In May 1925 the International Olympic Committee (IOC) amended the Olympic Charter to allow for Olympic Winter Games. But the 1924 Chamonix International Winter Sports Week was never declared as the 1st Olympic Winter Games by the IOC in the minutes of its sessions, although this has been felt to be an error of a secretary taking the minutes of the session in 1925, as the IOC has long recognized Chamonix as the 1st Olympic Winter Games. Sorry, Saint Moritz.
Olympic Games Official Openings
Vladimir Vladimirovich Putin will official open the 2014 Olympic Winter Games tonight at the Opening Ceremony – no surprise there as these Games have one man’s stamp on them, Putin, more so than any Olympics since Berlin in 1936.

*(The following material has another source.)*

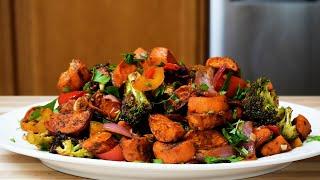 Roasted Sweet Potatoes with  Broccoli and Peppers  Side Dish | Vegetarian or Vegan Meal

Vladimir Putin is the current President of Russia, or the highest ranking official in the country. It is standard that Olympic Games are opened by the Head of State of the nation in which the Games are held, per IOC Protocol, although the IOC also contradicts itself by always stating that Games are awarded to cities and not countries. We’ll overlook that.
Since the Modern Olympic Games started in 1896 it has been rare that the nation’s Head of State did not open the Olympics. The United States has been famous for this, as in 1932 at Lake Placid and Los Angeles, 1960 at Squaw Valley, and 1980 at Lake Placid, the US President did not open the Games. In 1932 at Lake Placid it was Franklin Delano Roosevelt, who at that time was only Governor of New York state. The Los Angeles 1932 Olympics were opened by Vice-President Charles Curtis, as President Herbert Hoover declined to travel to Los Angeles because of his preoccupation with the world-wide depression. In 1960, President Dwight Eisenhower did not go to Squaw Valley, with those Games opened by Vice-President Richard Nixon – another Olympics at least opened by a future US President.

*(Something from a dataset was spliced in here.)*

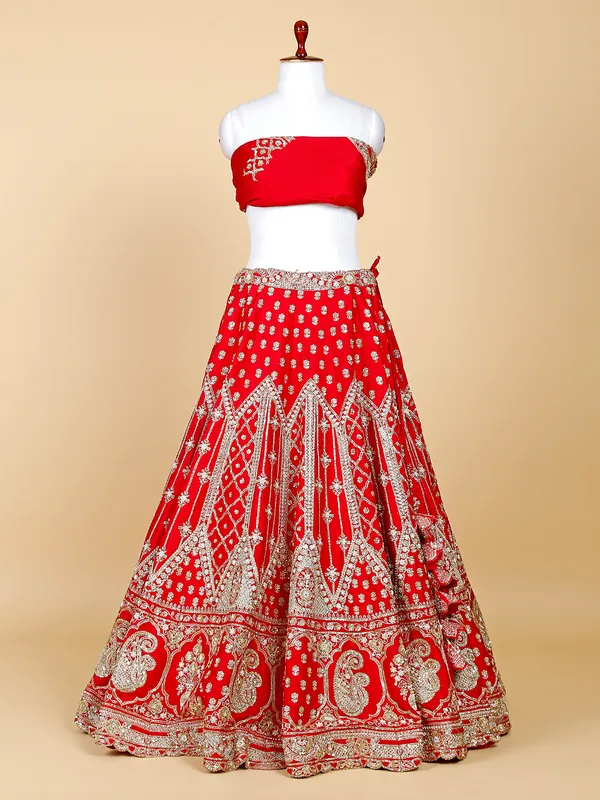 Red traditional lehenga choli for bridal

And famously, at Lake Placid in 1980, President Jimmy Carter refused to open the Winter Olympics, as he was pressuring the IOC to boycott the Moscow Olympics, and sent Vice-President Walter Mondale in his stead. Mondale also opened the IOC Session in Lake Placid and angered the IOC by his political speech in which he called for a boycott of Moscow.

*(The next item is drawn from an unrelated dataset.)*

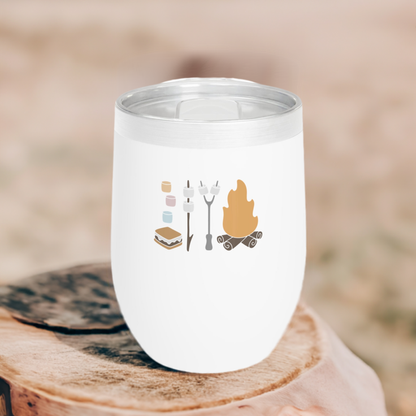 12oz Wine Tumbler - Camping Smores Art - Vacuum-Insulated Hot/Cold - Camping/RV Life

Finally, in 1984 at Los Angeles, President Ronald Reagan broke the US “tradition” of not sending the President to the Opening Ceremony. US Olympics have since been opened by Presidents Bill Clinton (1996 Atlanta) and George W. Bush (2002 Salt Lake City).
Other than the USA situations, there has been only one other time at which a Head of State did not open an Olympics, and it did occur at the Winter Olympics. That was at the first Winter Olympics, at Chamonix in 1924, which were opened by Gaston Vidal (1888-1949), the French Under-Secretary for Physical Education, rather than French President Alexandre Millerand or Prime Minister Raymond Poincaré. But those first “Winter Olympics” were a bit odd in themselves – more on that in the next blog post.
Some Opening Ceremony Stuff
Opening Ceremony tonite. Always a big moment. And it always happens on Friday night, with the Games then extending for 2 full weeks and 3 weekends, so that NBC and the other television networks get plenty of weekend coverage, right?
Not quite. In fact, at the Winter Olympics, it has only been the last 4 Games – 2002-2014 – which have followed this seemingly standard calendar. One other Winter Olympics started on Friday and ended on Sunday, that being in 1948 at St. Moritz, but the Winter Games lasted only one week back then, with far fewer events.
The Sochi Olympics actually started yesterday, with events in freestyle skiing, figure skating, and snowboarding. That is not that unusual, as we detailed in a post yesterday (https://olympstats.com/2014/02/06/events-starting-before-the-opening-ceremony/). But these Games will then last from 6 February to their conclusion on 23 February, which will be 18 days of Winter Olympics, and that makes Sochi 2014 the longest ever Olympic Winter Games.
It may seem that the Winter Olympics always take place exclusively in February and that is basically now correct, since its been true since 1968. But it was not always so. The first Winter Olympics started on 25 January 1924 in Chamonix, France. The other Winter Games to start in January were 1948, starting 30 January; 1956, starting 26 January; and 1964, which began on 27 January.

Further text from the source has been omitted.